One thing I have learned over the years of going to the farm is to always have a cold bottle of wine in the car fridge, and a wine glass handy in the car. Not only does make it more pleasant sitting around while Doc gets us out of trouble, but it keeps me in a good mood about the trouble he got us into.
Last week the car slid out in the mud on the way in. The only thing that saved us from spinning any further was the trailer we were towing. This week, after another week of rain, it was the trailer that got us stuck. Really stuck. Bottomed out stuck. In the mud, and – I repeat – in the rain. Not just any rain. A full on thunderstorm.

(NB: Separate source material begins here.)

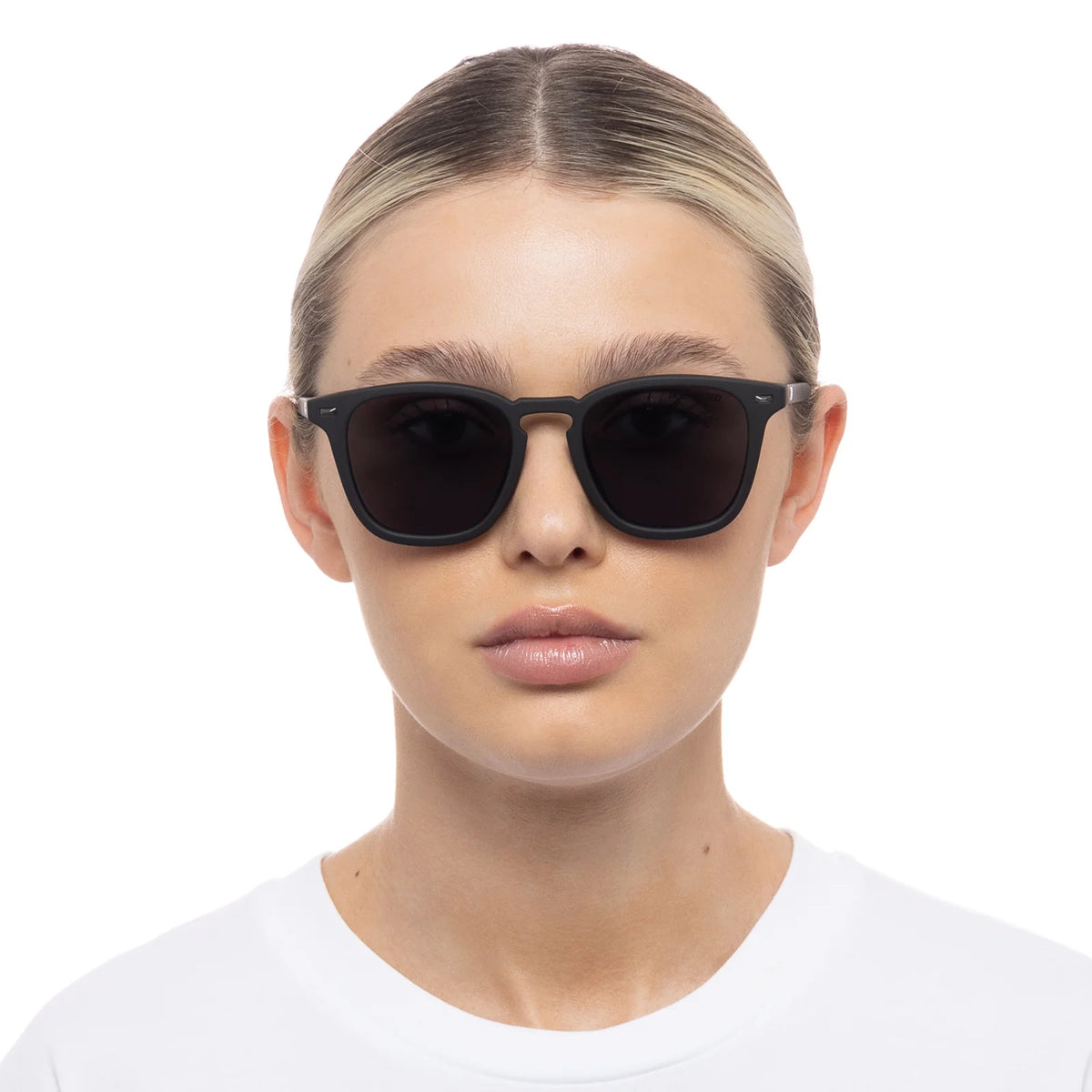 Le Specs Black Rubber No Biggie Polarized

I did the right thing. I got out of the car and had a look. As Doc tried driving out I stuck my head out the window to see which tyres were spinning. I even offered to help. And then I poured myself a glass of wine while he went out in the rain. No use us both getting wet.
First of all he disconnected the trailer then put rocks in front of the wheels to try to give us traction. Nothing. So he put more rocks in front of the wheels. Still nothing. That took one glass of wine.
When the rain starting coming down heavier he sat in the car and bemoaned not packing the recovery gear.
“But it’s all in the car.” I said “It’s still there from when I went to SA. Unless you unpacked it.”
At this stage you might be asking yourself why I didn’t tell him that sooner. First of all I assumed he already knew. Second, as the nearest tree was so far away there was no chance of the winch reaching it, even with the extension, and we had nobody else to snatch us out.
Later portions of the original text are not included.